А тебя обнимаю — эвон куда меня понесло! Твой Виктор Петрович
20 июня 1996 г.
Красноярск
(В секретариат союза писателей России)
Пишу второе заявление в Ваш секретариат с просьбой не числить меня членом красно-коричневого Союза, которым из-за угла по-прежнему правит товарищ Бондарев, сделавший столько зла русской литературе, какового никаким Бенкендорфам сделать не удавалось, и быть в компании фашиствующих молодцов Проханова, Бушина иль Бондаренко тоже желания не испытываю.
На первое заявление было отреагировано — звонил Борис Романов, узнавал, не перейду ли я в какой-либо другой Союз, и успокоился, узнав, что состоять я буду лишь в краевой писательской организации, чтобы помогать ей в меру моих сил и возможностей, ибо от родного Союза провинциальные организации давно уже никакой пользы и помощи не имеют.
Каково же было моё недоумение, когда я получил из вашего доблестного Союза известие, что я числюсь за номером таким-то. Подумав, что идёт смена билетов в краевом Союзе, я сдал туда фотокарточки, а оно выходит: я всё ещё являюсь членом не почитаемого мною Союза.
Не вынуждайте меня объясняться печатно на тему — почему я не хочу состоять в Союзе писателей России. Рука у меня тяжёлая, и Вы это хорошо знаете.

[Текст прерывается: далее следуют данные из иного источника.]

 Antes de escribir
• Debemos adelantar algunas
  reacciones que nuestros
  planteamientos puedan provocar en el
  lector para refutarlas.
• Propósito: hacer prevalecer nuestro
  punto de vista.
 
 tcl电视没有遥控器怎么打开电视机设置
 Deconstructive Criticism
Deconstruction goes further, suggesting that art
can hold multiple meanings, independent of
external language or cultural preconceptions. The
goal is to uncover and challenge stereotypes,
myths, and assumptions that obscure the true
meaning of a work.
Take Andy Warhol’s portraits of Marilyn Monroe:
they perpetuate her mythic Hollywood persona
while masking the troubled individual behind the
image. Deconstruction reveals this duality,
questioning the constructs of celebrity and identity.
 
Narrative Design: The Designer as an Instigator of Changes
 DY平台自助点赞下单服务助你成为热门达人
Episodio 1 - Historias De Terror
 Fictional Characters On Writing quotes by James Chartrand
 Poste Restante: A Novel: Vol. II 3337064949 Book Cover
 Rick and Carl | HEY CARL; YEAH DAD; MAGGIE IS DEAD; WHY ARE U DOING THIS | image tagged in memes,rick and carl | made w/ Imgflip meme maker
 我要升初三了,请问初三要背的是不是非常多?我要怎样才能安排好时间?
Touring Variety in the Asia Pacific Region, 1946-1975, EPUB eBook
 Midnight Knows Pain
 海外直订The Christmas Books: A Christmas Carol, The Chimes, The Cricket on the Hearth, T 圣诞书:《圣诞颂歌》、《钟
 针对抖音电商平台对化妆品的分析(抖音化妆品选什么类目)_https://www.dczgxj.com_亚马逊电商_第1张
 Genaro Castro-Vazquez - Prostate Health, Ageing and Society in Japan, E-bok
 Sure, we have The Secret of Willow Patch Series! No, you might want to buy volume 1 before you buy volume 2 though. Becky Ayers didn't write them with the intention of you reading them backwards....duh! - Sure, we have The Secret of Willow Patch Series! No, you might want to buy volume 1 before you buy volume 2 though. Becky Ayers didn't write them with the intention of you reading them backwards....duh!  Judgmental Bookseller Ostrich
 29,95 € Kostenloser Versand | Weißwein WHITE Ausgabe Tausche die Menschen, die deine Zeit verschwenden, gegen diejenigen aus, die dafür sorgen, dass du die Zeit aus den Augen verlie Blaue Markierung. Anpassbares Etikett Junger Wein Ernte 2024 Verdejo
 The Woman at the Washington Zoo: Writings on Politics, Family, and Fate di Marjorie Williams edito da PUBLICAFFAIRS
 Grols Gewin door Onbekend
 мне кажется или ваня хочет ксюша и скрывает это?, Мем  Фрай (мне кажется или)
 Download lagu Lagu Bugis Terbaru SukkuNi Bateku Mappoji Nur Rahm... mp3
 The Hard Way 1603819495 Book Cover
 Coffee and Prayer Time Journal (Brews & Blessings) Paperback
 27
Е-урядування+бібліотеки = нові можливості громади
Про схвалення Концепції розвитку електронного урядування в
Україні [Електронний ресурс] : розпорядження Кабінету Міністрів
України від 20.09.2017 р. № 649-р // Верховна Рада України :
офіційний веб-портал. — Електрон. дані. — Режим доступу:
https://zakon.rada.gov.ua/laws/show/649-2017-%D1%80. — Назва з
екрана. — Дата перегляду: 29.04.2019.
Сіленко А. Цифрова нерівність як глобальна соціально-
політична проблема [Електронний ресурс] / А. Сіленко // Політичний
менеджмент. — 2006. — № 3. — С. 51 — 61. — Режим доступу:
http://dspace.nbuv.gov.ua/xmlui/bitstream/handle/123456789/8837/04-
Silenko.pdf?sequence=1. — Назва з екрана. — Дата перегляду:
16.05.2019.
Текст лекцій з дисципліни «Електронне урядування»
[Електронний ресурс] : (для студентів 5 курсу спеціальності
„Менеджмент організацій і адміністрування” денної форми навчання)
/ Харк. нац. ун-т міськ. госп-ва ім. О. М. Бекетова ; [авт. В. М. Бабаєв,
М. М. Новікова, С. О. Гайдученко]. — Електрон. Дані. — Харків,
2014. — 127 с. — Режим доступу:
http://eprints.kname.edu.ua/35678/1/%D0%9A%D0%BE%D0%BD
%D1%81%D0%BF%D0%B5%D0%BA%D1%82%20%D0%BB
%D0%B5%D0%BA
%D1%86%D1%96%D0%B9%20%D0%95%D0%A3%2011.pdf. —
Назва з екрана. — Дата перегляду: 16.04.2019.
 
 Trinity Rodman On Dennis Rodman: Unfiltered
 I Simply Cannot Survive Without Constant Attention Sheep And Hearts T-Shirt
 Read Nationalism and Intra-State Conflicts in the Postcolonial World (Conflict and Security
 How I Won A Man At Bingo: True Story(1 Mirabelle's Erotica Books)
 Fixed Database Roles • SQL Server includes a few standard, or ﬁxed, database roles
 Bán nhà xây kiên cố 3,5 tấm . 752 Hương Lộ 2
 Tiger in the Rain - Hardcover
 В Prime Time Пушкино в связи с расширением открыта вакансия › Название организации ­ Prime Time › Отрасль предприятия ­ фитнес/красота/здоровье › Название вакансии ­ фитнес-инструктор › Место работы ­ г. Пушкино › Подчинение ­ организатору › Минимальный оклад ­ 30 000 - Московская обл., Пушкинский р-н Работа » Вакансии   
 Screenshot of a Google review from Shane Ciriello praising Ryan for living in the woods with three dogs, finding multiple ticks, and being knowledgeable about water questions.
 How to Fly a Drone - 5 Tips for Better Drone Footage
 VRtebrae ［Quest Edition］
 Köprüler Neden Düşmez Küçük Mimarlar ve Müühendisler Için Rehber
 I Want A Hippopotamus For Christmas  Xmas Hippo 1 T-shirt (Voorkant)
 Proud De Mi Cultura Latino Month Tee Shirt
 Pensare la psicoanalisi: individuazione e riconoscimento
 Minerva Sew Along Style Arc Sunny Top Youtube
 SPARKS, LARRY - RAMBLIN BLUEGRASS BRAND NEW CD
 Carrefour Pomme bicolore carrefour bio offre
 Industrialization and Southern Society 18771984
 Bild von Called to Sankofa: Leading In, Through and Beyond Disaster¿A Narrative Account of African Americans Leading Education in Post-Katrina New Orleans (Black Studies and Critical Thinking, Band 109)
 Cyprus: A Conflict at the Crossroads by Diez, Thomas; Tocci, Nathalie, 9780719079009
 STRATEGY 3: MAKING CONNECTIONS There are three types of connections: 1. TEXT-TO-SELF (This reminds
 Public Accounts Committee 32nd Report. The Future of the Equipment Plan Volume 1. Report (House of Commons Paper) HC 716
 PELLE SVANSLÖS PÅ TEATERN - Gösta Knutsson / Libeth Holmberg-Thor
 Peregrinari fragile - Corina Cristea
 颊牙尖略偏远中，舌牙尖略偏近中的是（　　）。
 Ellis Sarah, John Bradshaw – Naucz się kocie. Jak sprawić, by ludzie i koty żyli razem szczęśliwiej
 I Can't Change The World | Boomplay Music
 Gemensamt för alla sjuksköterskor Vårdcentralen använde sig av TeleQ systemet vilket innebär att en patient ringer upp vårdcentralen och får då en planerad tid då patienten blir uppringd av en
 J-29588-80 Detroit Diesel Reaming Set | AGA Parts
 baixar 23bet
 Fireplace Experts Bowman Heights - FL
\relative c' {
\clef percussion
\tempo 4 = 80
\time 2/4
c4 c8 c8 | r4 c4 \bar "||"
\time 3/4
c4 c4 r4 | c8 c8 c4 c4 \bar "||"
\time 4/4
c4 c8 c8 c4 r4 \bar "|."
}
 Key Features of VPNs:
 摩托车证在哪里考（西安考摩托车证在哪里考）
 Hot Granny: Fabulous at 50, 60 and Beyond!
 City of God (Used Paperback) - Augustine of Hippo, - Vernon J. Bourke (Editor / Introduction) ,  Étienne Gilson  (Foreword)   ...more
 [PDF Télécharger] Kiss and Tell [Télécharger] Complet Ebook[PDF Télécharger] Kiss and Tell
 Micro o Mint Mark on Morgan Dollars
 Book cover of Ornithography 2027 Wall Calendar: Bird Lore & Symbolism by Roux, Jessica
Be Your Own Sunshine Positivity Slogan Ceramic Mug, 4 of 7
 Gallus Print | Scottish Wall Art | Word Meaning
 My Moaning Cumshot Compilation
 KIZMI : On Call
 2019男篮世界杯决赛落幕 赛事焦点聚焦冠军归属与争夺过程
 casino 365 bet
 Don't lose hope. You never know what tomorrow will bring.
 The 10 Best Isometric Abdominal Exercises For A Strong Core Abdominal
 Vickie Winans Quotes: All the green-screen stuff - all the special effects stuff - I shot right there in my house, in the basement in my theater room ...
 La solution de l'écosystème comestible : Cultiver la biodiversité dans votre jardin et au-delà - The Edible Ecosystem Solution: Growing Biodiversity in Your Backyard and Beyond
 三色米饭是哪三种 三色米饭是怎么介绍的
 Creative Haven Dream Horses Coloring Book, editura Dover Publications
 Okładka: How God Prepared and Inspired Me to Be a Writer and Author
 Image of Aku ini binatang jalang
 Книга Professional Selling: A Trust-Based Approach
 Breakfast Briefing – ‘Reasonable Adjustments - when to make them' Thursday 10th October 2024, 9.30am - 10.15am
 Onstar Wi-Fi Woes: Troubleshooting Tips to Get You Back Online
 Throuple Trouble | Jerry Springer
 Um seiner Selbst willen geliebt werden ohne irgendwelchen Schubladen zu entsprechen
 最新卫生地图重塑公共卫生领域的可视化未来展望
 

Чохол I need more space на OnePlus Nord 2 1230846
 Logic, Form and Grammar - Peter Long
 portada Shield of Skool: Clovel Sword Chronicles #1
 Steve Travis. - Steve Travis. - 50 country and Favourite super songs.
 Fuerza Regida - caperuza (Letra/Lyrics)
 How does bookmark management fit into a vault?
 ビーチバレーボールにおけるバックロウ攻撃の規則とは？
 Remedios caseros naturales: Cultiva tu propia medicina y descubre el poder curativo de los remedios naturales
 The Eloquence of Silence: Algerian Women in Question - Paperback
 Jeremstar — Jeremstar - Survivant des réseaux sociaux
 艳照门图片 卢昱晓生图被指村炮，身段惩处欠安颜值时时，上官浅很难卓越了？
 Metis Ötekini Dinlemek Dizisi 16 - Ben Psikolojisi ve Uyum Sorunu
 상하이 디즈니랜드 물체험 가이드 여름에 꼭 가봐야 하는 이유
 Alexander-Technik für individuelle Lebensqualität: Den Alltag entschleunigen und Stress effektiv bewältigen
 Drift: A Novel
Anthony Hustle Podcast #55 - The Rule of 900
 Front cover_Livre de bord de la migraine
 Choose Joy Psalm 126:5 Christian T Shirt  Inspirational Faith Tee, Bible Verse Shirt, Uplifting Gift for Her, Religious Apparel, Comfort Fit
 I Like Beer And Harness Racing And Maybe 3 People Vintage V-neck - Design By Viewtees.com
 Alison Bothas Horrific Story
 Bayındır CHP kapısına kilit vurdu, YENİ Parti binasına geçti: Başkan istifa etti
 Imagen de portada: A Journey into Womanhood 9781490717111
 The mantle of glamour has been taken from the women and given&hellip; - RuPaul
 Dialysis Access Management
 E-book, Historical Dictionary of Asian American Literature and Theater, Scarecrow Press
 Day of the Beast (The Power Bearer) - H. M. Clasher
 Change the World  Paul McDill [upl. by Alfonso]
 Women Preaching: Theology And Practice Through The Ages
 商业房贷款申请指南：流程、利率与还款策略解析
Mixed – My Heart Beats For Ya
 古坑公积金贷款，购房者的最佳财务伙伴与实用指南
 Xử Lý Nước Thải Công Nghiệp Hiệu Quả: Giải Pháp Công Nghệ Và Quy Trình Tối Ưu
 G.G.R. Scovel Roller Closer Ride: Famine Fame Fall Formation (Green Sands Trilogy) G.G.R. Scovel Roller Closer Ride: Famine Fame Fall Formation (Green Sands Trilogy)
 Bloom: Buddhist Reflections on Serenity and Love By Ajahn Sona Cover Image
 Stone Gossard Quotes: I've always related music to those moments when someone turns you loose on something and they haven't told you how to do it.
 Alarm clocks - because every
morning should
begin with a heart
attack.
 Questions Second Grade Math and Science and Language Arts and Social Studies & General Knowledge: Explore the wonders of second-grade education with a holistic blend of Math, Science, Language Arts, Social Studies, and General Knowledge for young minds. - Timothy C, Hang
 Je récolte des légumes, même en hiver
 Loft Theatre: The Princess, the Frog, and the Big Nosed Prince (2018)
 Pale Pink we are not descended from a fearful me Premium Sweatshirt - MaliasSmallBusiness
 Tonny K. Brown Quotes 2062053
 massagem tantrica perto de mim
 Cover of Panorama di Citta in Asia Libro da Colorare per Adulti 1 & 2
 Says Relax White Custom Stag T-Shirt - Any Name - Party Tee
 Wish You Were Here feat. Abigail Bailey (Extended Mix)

Прошу выслать мне выписку из постановления секретариата об отчислении меня из ваших стройных рядов.
Виктор Астафьев
24 июля 1996 г.
Овсянка
(Ю.Сбитневу)
Дорогой Юра!
Нахожусь в родной деревне, в здравом уме, но уже слабеющей памяти, недавно увидел тебя во сне, и увидел плохо, поэтому и пишу. Хорошо-то увидев, чего писать? Надеюсь, старческий длинный сон, похожий на поэму соц. реалиста, где долго и нудно что-то происходит, а что — не улавливается, так сном в отдалении и останется и это письмо найдёт тебя в здравии и благополучии.